Das offizielle Programm endet dann mit deutschem Repertoire und drei Liedern von Richard Strauss. Und genau jene Lieder sollten ein besonderer Höhepunkt werden. Hier beginnt der Tenor auch mit dem Publikum zu scherzen. Nach dem Ende von Heimliche Aufforderung wischt er sich mit den Fingern leicht über die Stirn, als will er sagen „Geschafft!“, was das Publikum natürlich amüsiert. Denn Bernheim spricht, wie hinlänglich bekannt ist, hervorragend Deutsch, und hat keine Probleme mit der deutschen Sprache. Dann berührt er mit einem inniglich, geradezu gesanglich schwebendem Morgen. Und ein leidenschaftlich vorgetragenes Cäcilie bildet dann – zunächst – den Abschluss des Konzerts. Aber zu diesem Zeitpunkt ist das begeisterte und Bravo-rufende Publikum entschlossen, ihn nicht so einfach gehen zu lassen.
Zwei Zugaben hat Bernheim vorbereitet. Die erste hätte eigentlich nicht besser ausgewählt sein können. Die wahrlich alles andere als einfach zu singende und gefürchtete Arie des Nadir aus Bizets Die Perlenfischer, Je crois entendre encore, die sehr hoch liegt und mit ihren zarten Spitzentönen im Piano einem Tenor viel abverlangt. Das muss man erst mal singen können. Bernheim kann es. Und wie! Es ist schon erstaunlich mit welcher Leichtigkeit und technischer Perfektion Bernheim diese Arie singt. Ihm stehen einfach alle Noten und Töne zur Verfügung. Dabei schimmert die Stimme in den sinnlichsten Farben. Das macht ihm in dieser Qualität so schnell wirklich keiner nach.

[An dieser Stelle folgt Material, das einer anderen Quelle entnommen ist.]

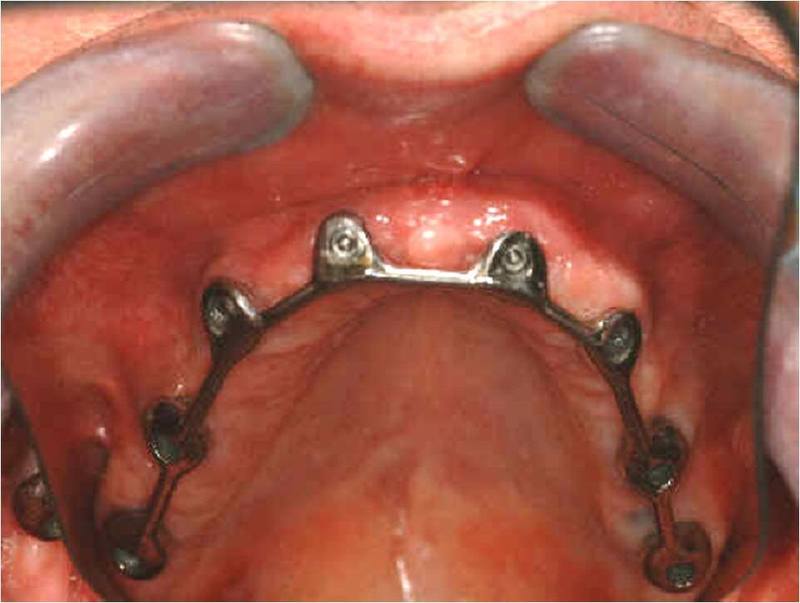 Overdenture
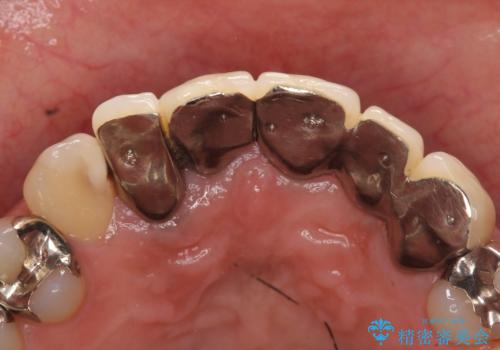 オールセラミッククラウン 気になる歯茎と被せ物の隙間の改善の治療前
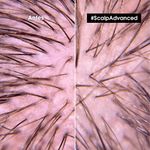 SHAMPOO-SCALP-ADVANCED-ANTI-MALESTAR-LOREAL-PROFESSIONNEL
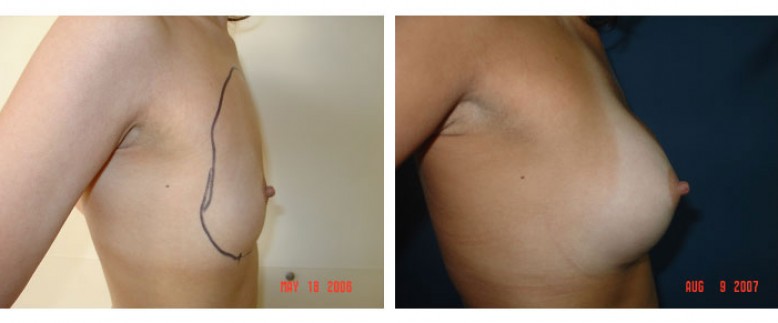 breast augmentation Before and After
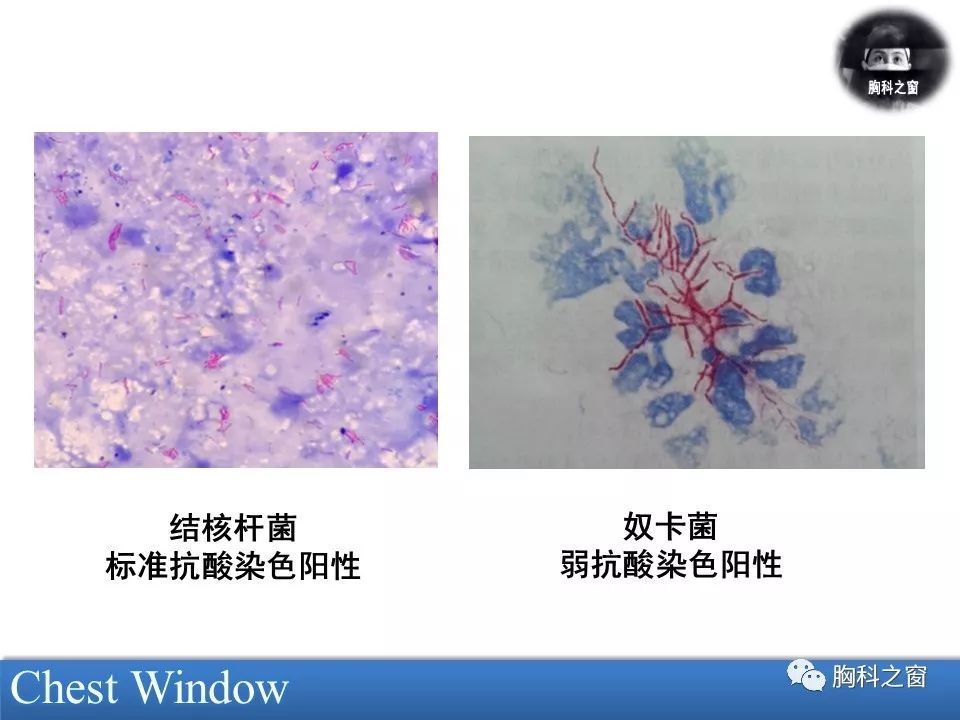 肺奴卡菌病的临床与影像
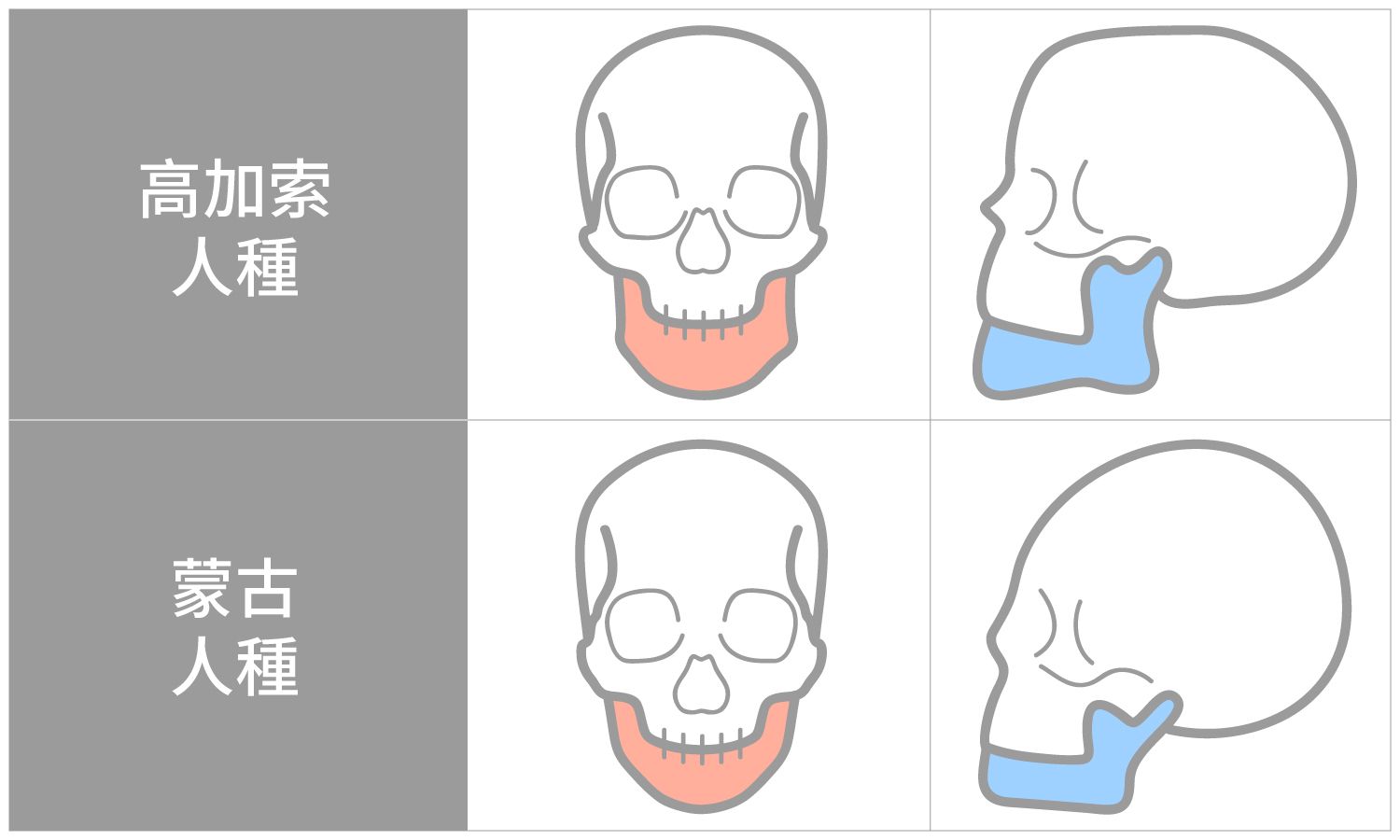 人種差異，先天下巴短，骨架支撐不足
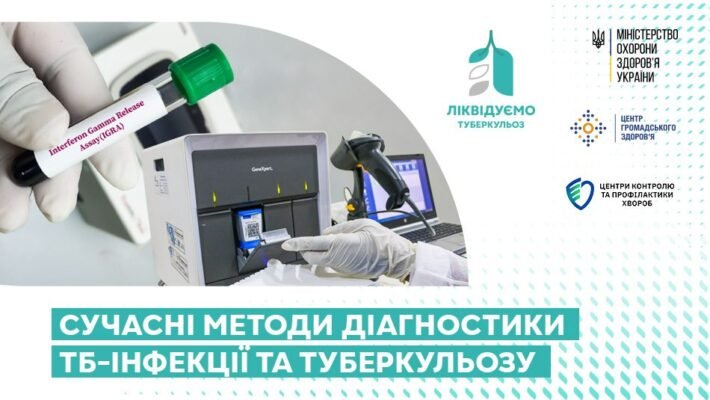 Сучасні методи діагностики туберкульозу: новітні підходи та технології
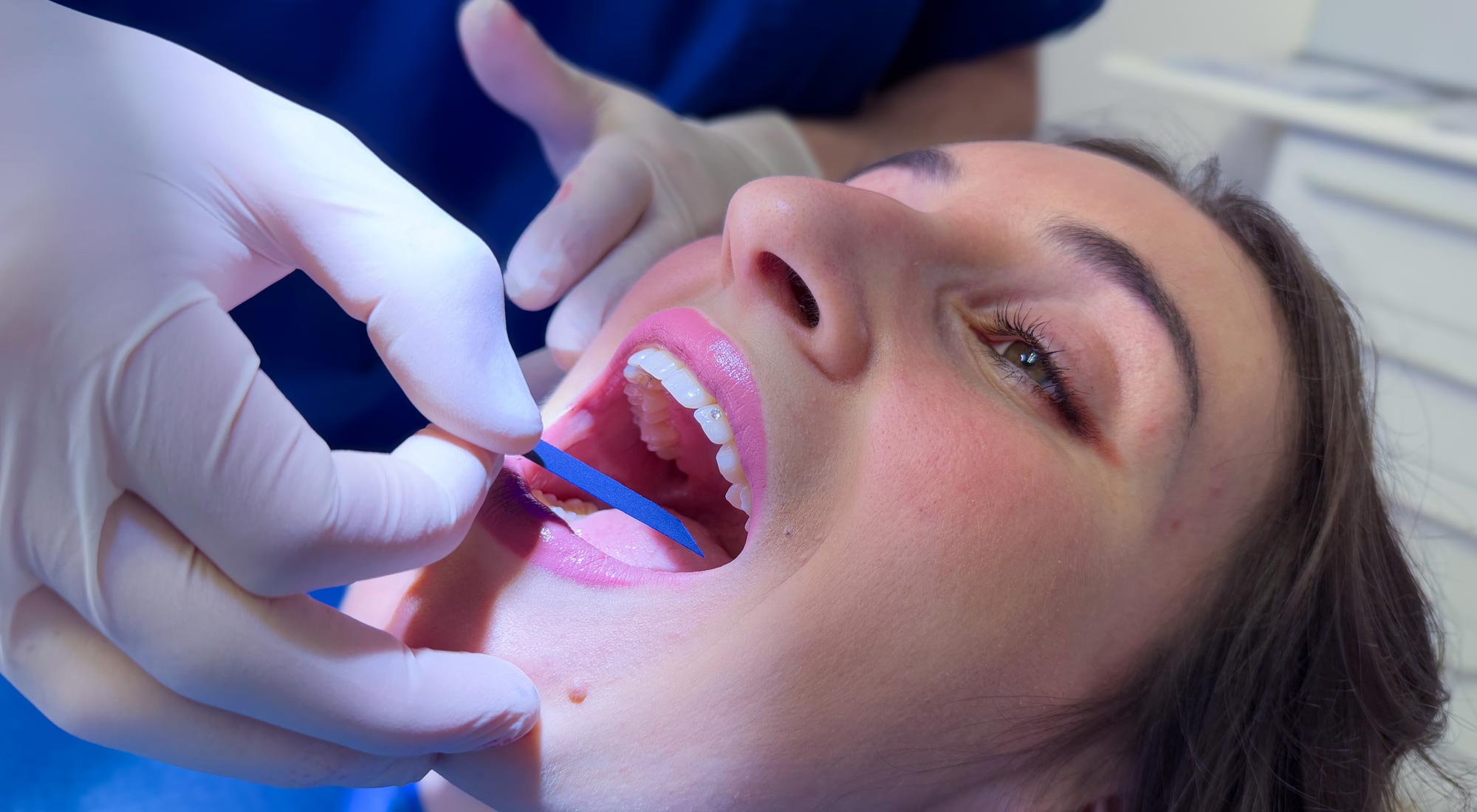 studio-dentistico-dottor-gola-casteggio-odontoiatria-pavia-dentista-implantologia-ortodonzia-protesi-chirurgia-362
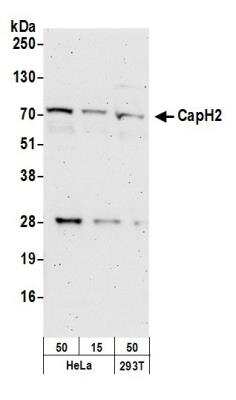 Western Blot: NCAPH2 Antibody [NBP1-28723]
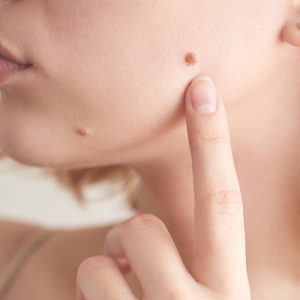 Skin tag Treatment Skin tag Treatment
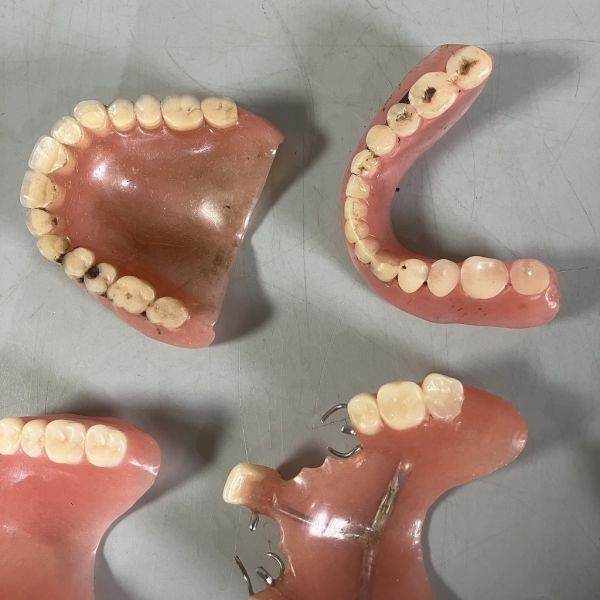 B2-550 入れ歯 歯科技工 ブリッジ ジャンク品の画像4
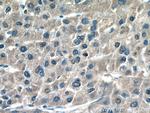 ROCK2 Antibody in Immunohistochemistry (Paraffin) (IHC (P))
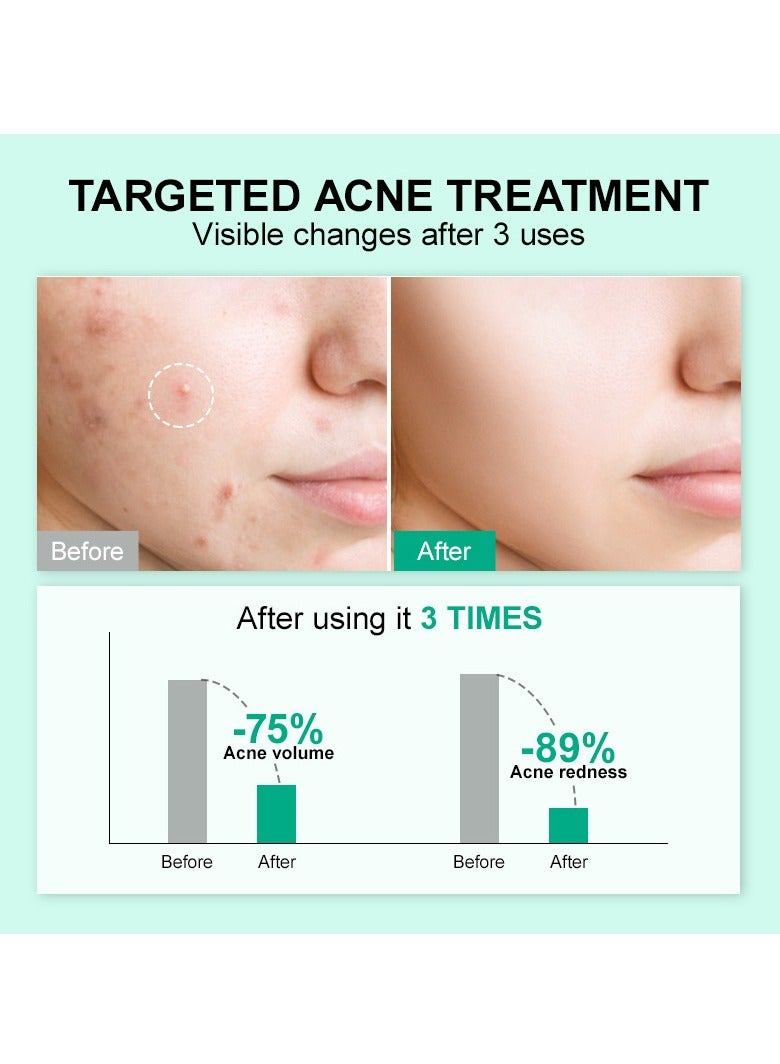 JellyPrim repair blackheads, close pores, shrink pores and remove acne essence 10g - Image 4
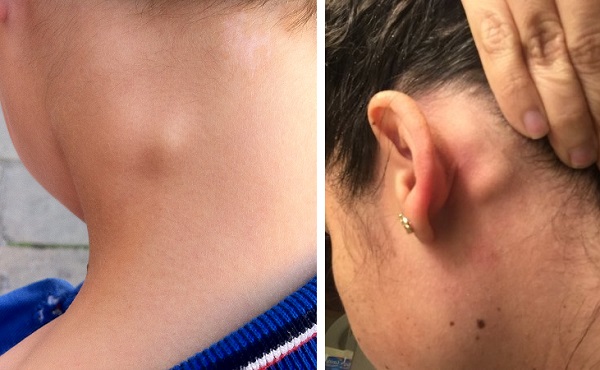 Увеличенный лимфатический узел сзади на шее и за ухом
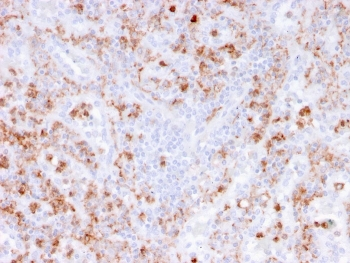 Recombinant S100A9 Antibody / MRP14 / Calgranulin B / Calprotectin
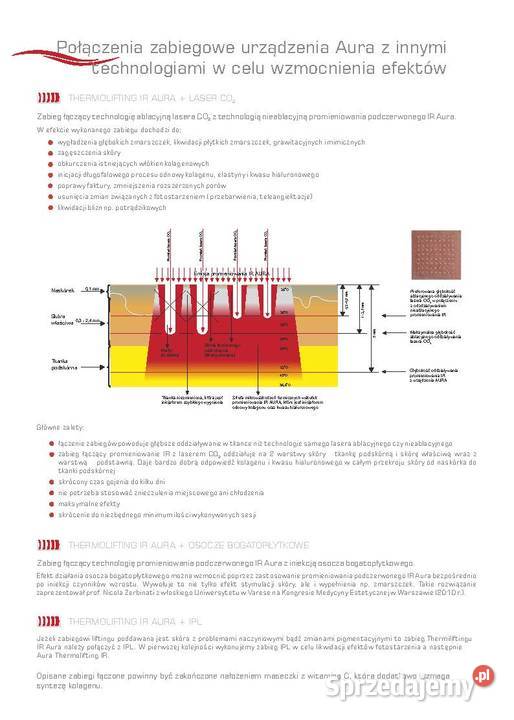 Thermolifting IR AURA alternatywa Zaffiro Dwie Prudnik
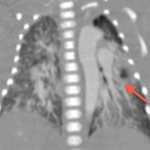 Coupe coronale de scanner en fenetre parenchymateuse: hypervascularisation bilatérale avec atéléctasie partielle gauche secondaire à la compression bronchique gauche par l'APG dilatée.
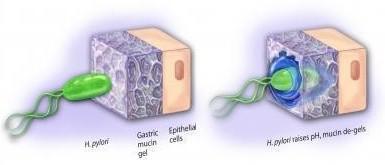 幽门螺杆菌不能根除怎么办,幽门螺杆菌根治不了怎么办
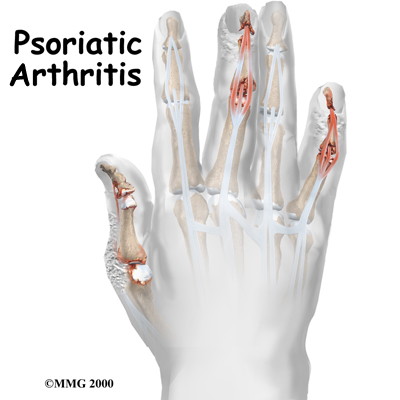 Psoriatic Arthritis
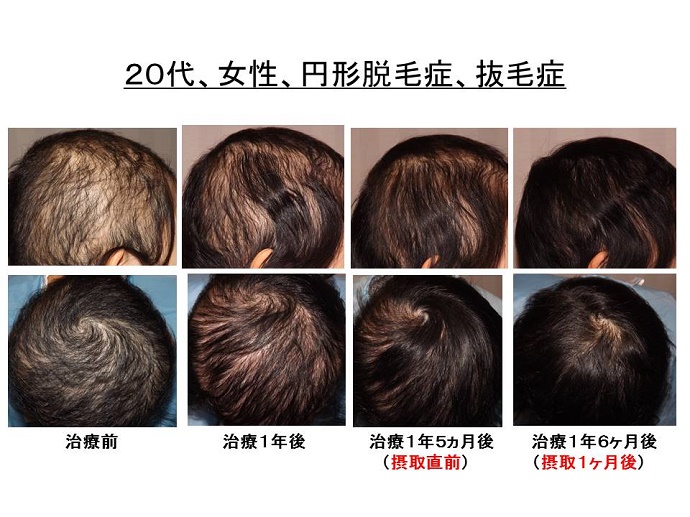 症 抜毛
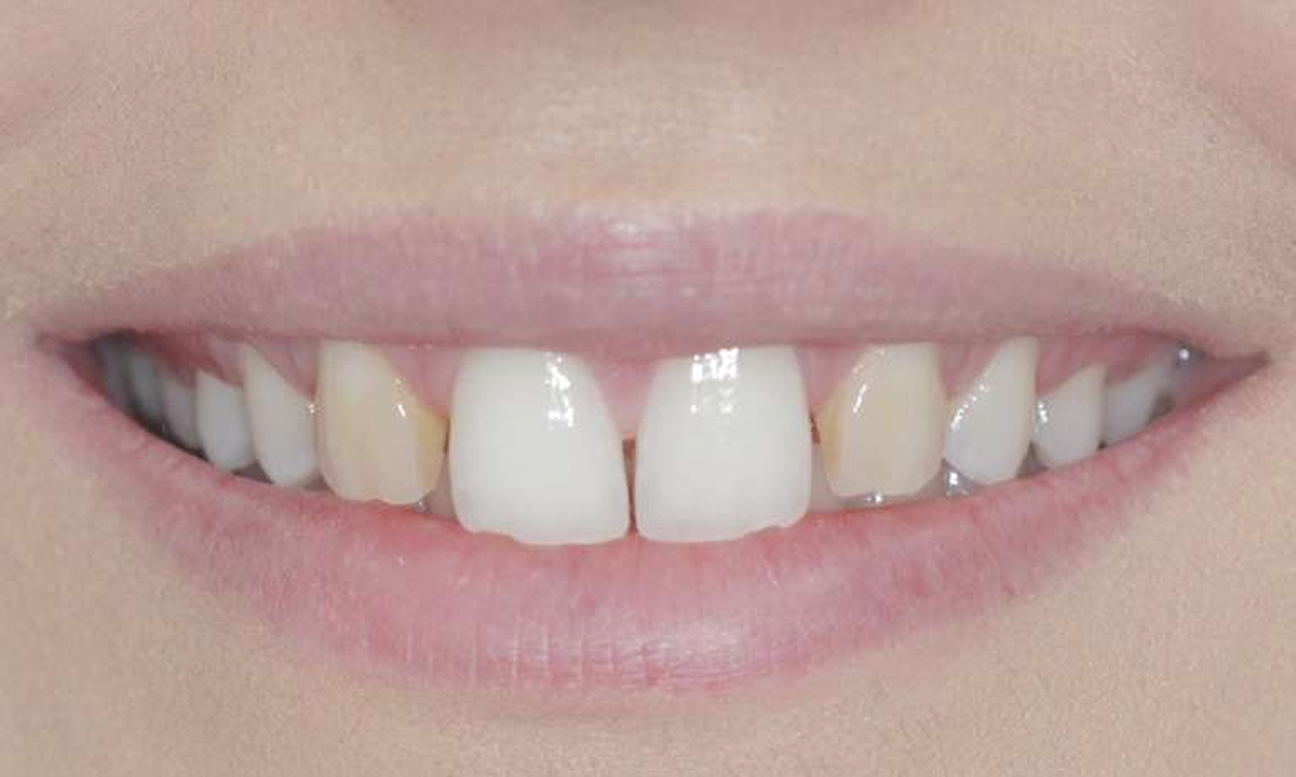 Cook Family and Cosmetic Dentistry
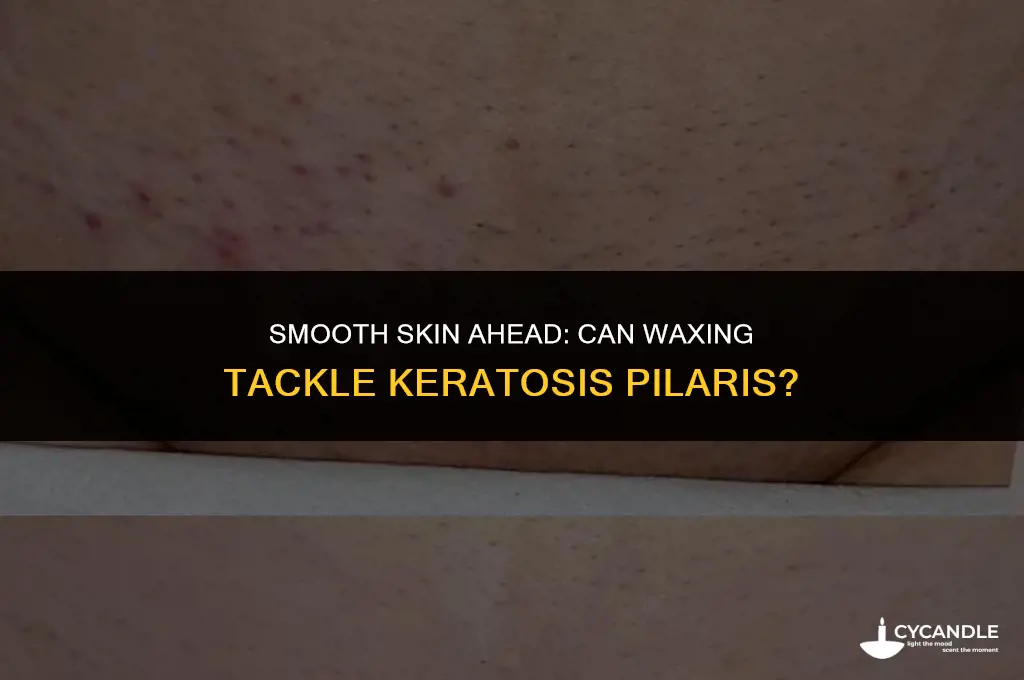 does waxing get rid of keratosis pilaris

Und als dann die ersten Takte von Dein ist mein ganzes Herz vernommen werden, geht natürlich ein Raunen durch das Publikum. Bernheim singt den Tenorreißer von Lehár mit Hingabe, Verve und kräftigen Spitzentönen. Das Publikum bricht in Begeisterungsstürme aus.
Foto: Lukas Link
Am Ende dann großer Jubel und viele Bravo-Rufe im Haus am Ring worüber sich Bernheim sichtlich freut. Charmant ist, wie er Matheson für einen Soloapplaus in den Mittelpunkt rückt und danach auch dem Publikum dankt. Sehr sympathisch.
Am Bühnentürl warten dann viele begeisterte Konzertbesucher auf den Tenor, der auch schnell erscheint, Geschenke erhält und sich freudestrahlend viel Zeit für Gespräche und Fotos mit den Fans nimmt. Wieder sehr sympathisch.
Dieser Tenor ist ein Glücksfall für die Opernwelt. In jeder Hinsicht.